(Supplied data Opens)

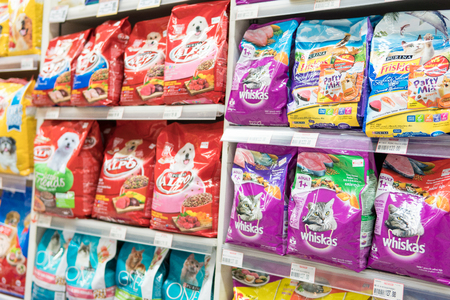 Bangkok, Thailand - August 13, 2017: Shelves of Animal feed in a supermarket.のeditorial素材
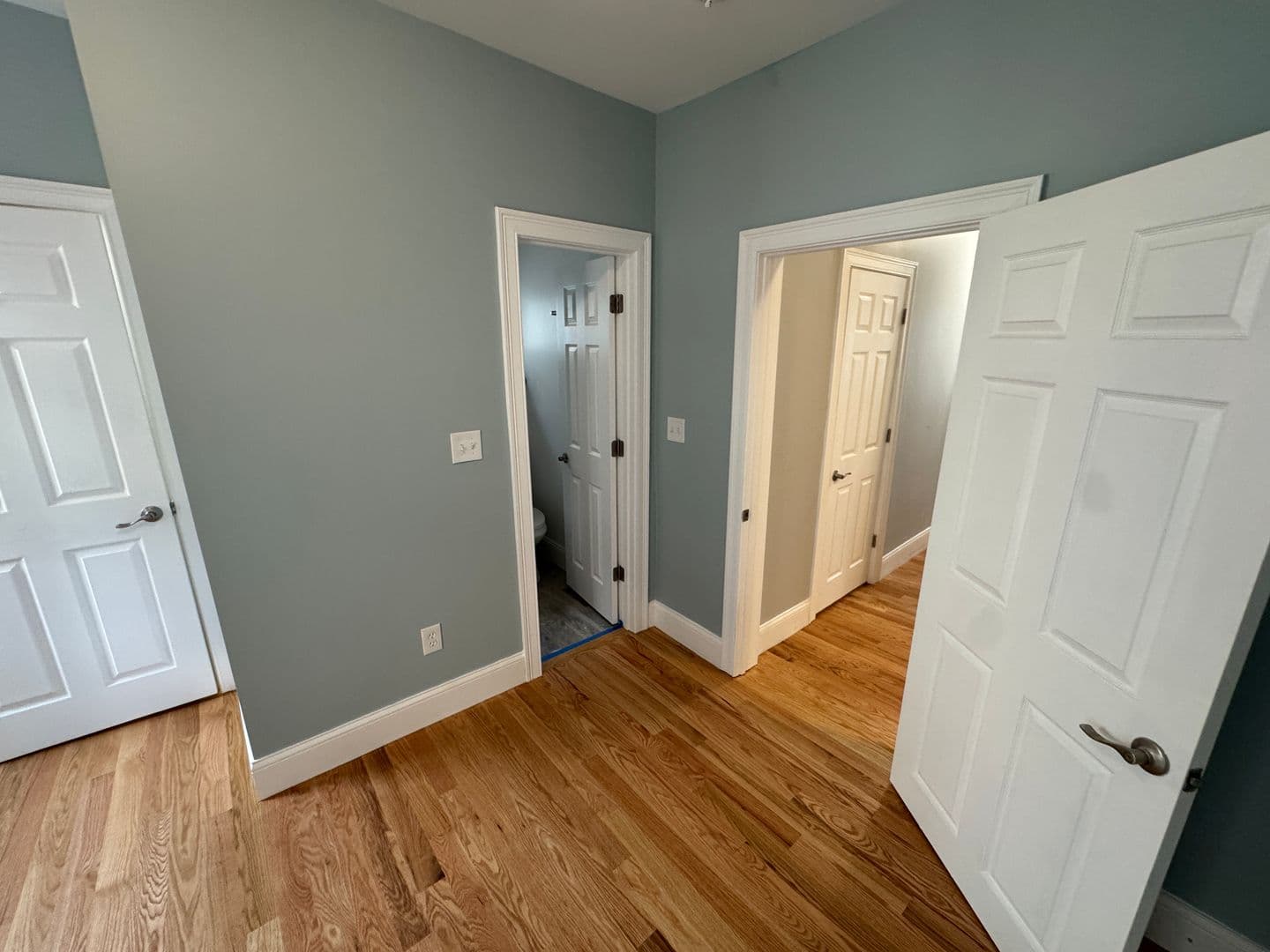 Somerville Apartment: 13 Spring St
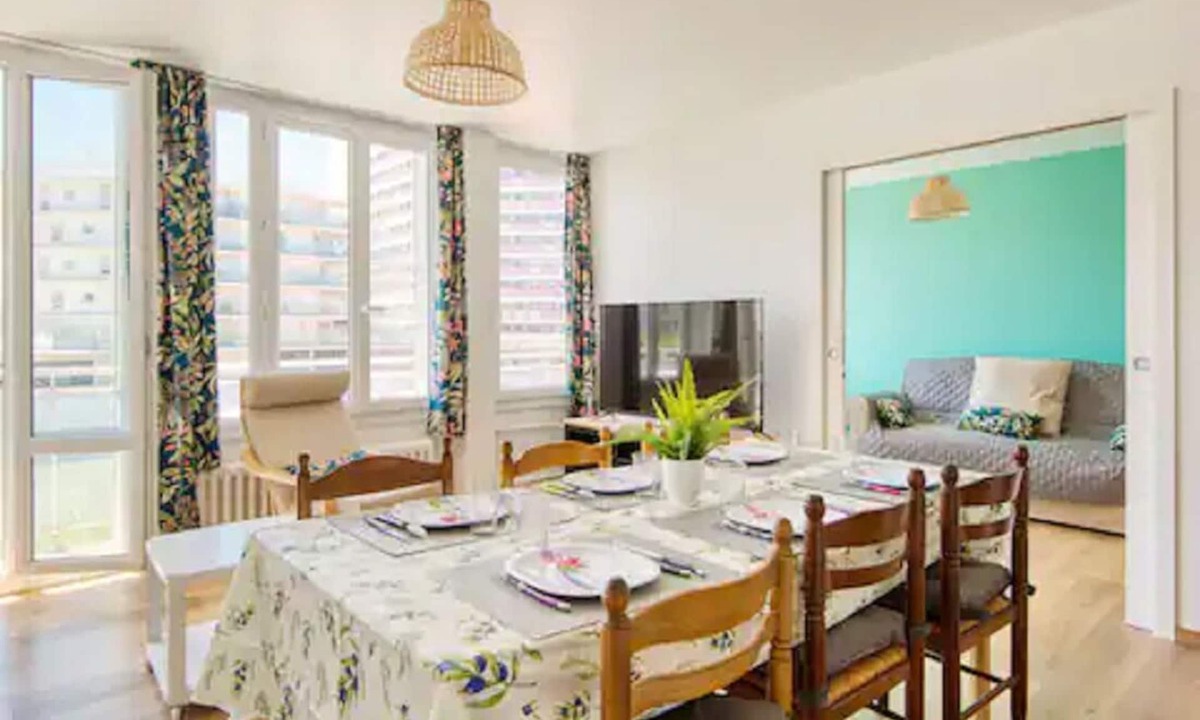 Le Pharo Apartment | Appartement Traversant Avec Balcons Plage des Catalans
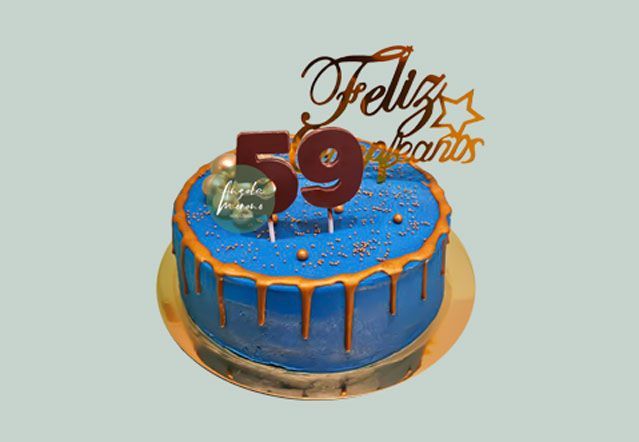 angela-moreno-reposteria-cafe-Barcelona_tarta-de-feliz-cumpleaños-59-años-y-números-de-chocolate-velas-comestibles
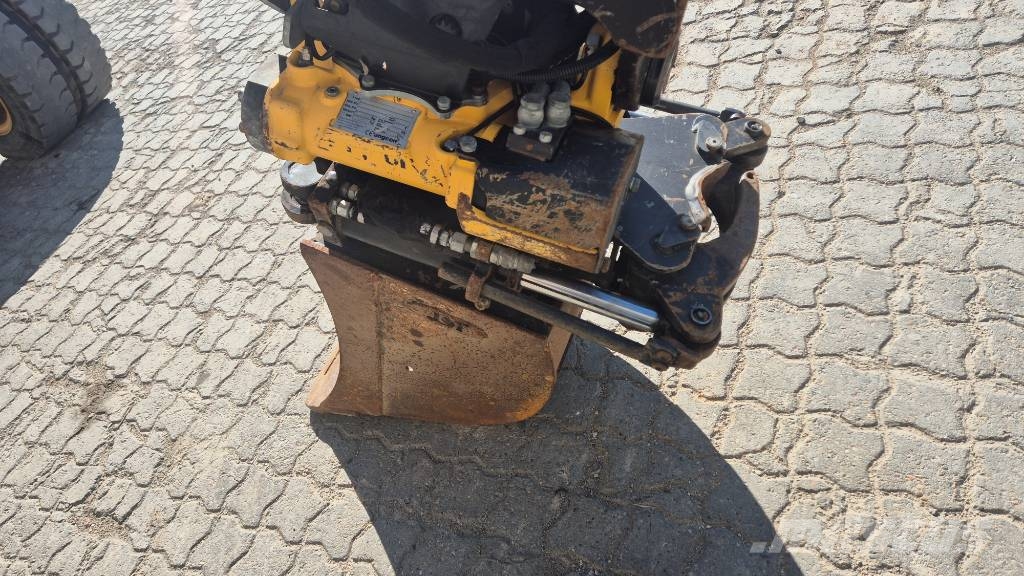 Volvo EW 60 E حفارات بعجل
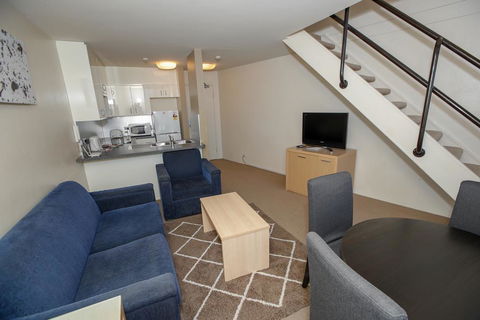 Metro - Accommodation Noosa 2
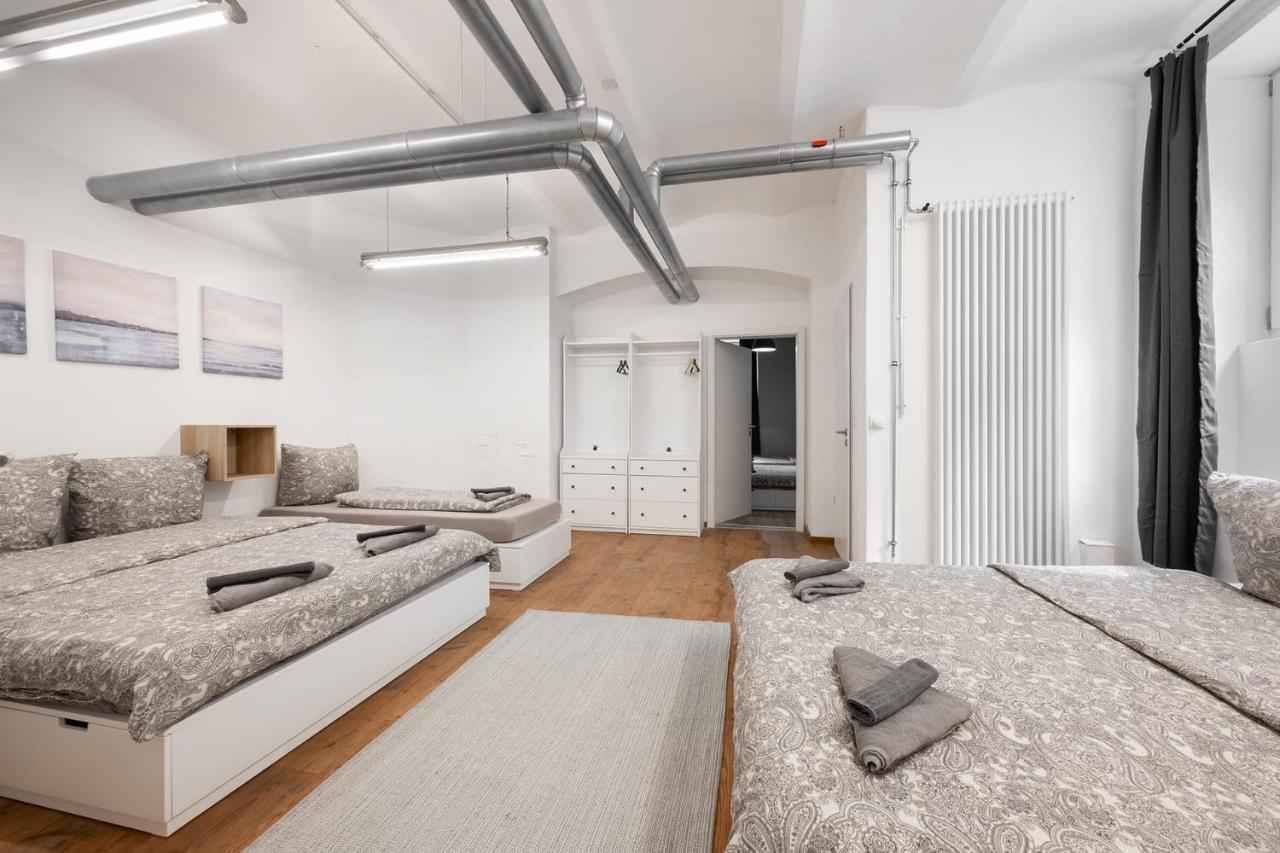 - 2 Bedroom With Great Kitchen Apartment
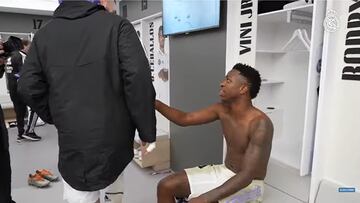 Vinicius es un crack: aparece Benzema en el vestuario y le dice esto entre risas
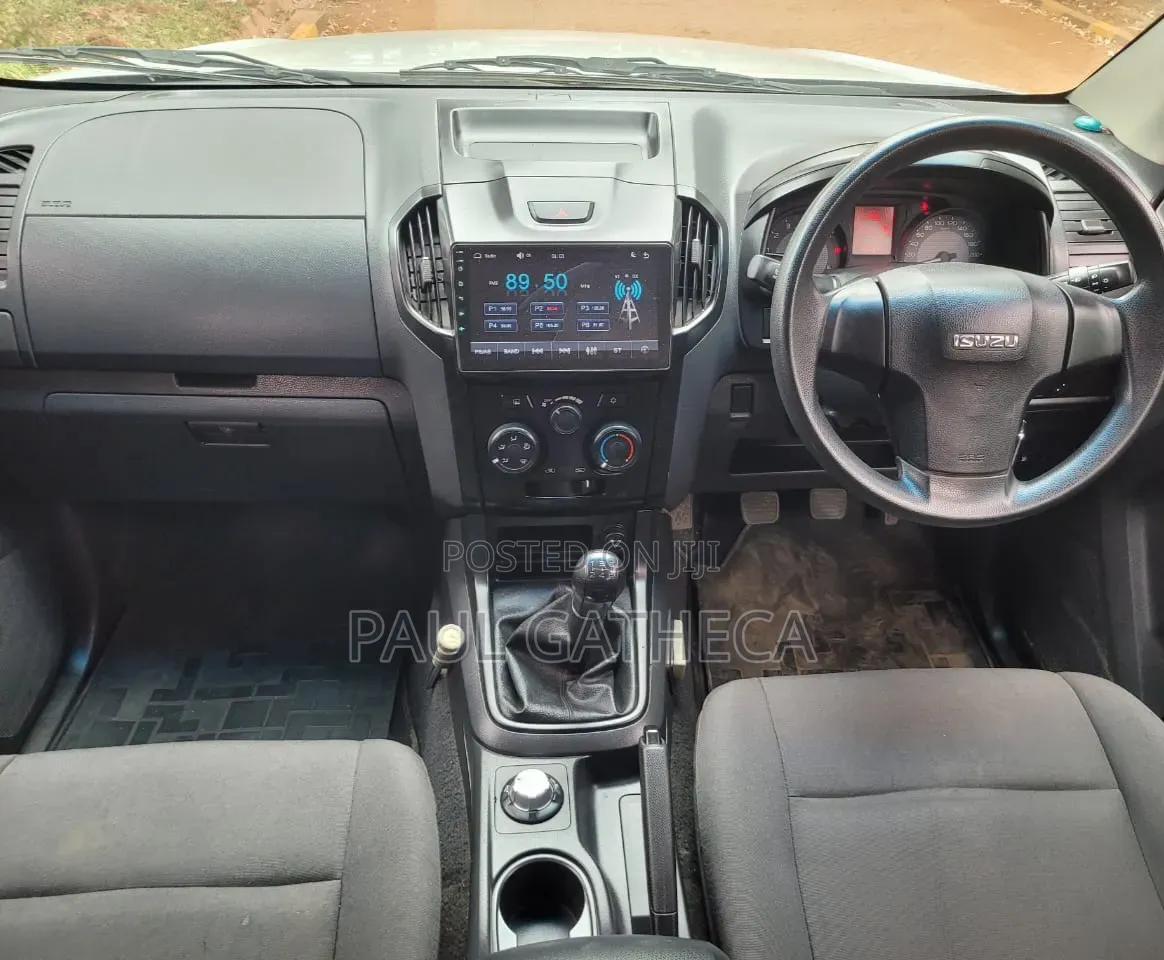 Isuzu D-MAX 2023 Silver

(Supplied data Closes)

### Goal of the exercise
The expected result is the data above in exact form, free of pictures.

### Response area
 Bangkok, Thailand - August 13, 2017: Shelves of Animal feed in a supermarket.のeditorial素材
 Somerville Apartment: 13 Spring St
 Le Pharo Apartment | Appartement Traversant Avec Balcons Plage des Catalans
 angela-moreno-reposteria-cafe-Barcelona_tarta-de-feliz-cumpleaños-59-años-y-números-de-chocolate-velas-comestibles
 Volvo EW 60 E حفارات بعجل
 Metro - Accommodation Noosa 2
 - 2 Bedroom With Great Kitchen Apartment
 Vinicius es un crack: aparece Benzema en el vestuario y le dice esto entre risas
 Isuzu D-MAX 2023 Silver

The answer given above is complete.